Uresti later tacked on an amendment, by a vote of 15-10, barring legislators from receiving compensation from any “position” with a financial institution. As it turns out, Taylor sits on the board of a bank. Taylor sidestepped questions about whether he was being personally targeted by the amendment, but said that if that provision passed, he could just quit the bank board. 

In another amendment, Sen. Kirk Watson, D-Austin, managed to add a section aimed at closing a loophole that for years has allowed special interest lobbyists to wine and dine lawmakers and their staffers without reporting the names of the people being entertained.

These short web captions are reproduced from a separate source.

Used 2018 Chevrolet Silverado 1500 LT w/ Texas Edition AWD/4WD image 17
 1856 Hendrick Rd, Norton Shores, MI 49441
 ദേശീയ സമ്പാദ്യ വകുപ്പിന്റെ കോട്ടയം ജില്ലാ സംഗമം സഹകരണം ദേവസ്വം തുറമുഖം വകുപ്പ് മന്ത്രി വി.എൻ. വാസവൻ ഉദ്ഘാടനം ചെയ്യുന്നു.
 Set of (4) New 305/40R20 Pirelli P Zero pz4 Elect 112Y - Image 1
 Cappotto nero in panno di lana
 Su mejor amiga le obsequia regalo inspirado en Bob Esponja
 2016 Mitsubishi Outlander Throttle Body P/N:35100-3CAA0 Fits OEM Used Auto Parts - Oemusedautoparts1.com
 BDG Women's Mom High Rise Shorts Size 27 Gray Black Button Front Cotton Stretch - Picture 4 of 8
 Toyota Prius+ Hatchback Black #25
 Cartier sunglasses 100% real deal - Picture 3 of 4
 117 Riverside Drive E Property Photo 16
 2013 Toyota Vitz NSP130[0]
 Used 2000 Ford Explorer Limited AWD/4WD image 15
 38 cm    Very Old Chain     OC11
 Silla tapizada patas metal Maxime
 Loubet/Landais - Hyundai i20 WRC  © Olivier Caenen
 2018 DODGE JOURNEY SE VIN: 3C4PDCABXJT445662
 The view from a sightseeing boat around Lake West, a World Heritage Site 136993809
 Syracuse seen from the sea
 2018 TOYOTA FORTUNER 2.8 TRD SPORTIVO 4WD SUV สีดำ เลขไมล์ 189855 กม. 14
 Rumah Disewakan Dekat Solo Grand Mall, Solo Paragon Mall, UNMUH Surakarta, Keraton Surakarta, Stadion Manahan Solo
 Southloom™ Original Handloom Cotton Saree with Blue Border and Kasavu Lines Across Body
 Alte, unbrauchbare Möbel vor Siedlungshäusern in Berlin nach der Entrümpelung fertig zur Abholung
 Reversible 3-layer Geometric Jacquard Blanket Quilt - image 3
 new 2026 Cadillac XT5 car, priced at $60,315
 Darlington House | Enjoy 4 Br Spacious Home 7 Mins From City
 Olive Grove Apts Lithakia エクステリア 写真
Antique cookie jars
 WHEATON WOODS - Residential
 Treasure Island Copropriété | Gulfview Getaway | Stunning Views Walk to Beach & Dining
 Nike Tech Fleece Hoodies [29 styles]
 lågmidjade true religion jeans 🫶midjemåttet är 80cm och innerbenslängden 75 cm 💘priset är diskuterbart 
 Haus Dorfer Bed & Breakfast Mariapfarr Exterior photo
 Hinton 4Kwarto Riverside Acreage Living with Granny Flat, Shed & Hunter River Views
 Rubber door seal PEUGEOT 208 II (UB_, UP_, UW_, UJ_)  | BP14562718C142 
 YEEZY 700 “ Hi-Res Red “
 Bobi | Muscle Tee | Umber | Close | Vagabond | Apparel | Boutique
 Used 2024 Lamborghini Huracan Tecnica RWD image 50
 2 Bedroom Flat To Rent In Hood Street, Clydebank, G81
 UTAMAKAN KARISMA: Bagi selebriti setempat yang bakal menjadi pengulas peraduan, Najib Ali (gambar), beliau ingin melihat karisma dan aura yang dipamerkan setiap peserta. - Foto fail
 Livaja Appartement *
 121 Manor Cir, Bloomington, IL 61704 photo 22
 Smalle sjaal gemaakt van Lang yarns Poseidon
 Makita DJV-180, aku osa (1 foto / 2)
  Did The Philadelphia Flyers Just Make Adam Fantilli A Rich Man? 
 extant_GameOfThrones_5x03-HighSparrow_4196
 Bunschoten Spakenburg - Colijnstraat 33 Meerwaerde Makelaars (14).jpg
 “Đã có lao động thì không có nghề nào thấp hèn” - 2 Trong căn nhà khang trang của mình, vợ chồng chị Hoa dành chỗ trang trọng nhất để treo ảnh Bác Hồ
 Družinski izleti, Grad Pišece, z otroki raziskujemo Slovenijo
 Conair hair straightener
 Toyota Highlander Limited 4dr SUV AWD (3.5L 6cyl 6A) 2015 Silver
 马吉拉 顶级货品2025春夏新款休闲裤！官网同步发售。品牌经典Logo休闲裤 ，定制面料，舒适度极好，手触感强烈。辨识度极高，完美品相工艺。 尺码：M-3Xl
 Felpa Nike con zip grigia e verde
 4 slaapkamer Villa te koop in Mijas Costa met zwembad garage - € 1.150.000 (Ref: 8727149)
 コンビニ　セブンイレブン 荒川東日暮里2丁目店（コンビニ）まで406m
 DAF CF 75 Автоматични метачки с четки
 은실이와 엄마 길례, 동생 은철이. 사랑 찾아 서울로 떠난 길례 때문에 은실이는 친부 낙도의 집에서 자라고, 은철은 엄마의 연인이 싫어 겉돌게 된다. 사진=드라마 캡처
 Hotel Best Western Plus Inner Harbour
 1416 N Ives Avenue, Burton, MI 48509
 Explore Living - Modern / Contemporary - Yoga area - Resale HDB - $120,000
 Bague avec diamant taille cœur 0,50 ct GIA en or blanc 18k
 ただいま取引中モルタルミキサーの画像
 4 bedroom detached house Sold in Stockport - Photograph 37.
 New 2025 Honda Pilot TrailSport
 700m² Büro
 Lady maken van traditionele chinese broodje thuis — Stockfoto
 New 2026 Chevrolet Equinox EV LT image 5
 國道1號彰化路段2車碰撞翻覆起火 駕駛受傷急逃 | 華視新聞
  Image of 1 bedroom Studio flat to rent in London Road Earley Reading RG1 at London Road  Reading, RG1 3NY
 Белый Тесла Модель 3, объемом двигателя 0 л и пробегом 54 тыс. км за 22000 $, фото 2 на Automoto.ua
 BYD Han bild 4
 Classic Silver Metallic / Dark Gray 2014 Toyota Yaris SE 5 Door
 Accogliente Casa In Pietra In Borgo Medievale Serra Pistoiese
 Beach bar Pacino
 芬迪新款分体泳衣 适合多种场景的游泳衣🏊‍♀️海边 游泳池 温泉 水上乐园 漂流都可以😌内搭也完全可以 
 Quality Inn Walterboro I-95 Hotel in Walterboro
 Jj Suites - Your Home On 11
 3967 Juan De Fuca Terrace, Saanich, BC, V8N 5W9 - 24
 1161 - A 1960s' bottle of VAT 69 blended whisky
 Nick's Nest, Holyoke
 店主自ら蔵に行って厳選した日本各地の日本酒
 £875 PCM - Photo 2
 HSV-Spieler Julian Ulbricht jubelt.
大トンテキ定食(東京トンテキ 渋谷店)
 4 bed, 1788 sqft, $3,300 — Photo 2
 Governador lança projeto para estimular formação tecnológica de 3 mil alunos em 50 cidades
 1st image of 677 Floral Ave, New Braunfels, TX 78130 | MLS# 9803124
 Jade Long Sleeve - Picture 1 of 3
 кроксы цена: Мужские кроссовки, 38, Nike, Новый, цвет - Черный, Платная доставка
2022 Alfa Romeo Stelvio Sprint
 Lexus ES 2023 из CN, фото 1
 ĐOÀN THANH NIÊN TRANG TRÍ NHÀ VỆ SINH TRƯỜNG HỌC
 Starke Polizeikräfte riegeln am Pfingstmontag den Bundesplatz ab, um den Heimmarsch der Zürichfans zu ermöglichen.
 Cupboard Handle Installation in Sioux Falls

It was Sen. Eddie Lucio, Jr., D-Brownsville, who tacked on the drug testing provision that would apply to anyone who runs for “public elective office.”

“We need to be true role models," Lucio said. "It is important to show that it is cool to be drug free."

Taylor was asked if that far-reaching provision, which could spark opposition in the House, might torpedo his bill in the other chamber.

Taylor said House Speaker Joe Straus, R-San Antonio, has already told him the bill is “must pass” legislation, and he expressed confidence that when the Legislature concludes on June 1, a tough ethics bill will be headed for the law books. 

“I guarantee you it’s going to be different when it comes off the House floor than what just passed on the Senate floor today,” he said. “But I believe this bill will continue to gain strength.” 

The bill as written wouldn't take effect until January 2017, almost a year and half later than most bills typically become law. Watson said he didn't understand "why in the world we would take an emergency, generational piece of legislation and delay it until 2017.” 

Taylor answered that if the bill becomes law, it would likely trigger retirements among legislators who don't want to put up with the new ethics rules.

"If it's effective immediately a bunch of people are going to start leaving the Legislature," he said.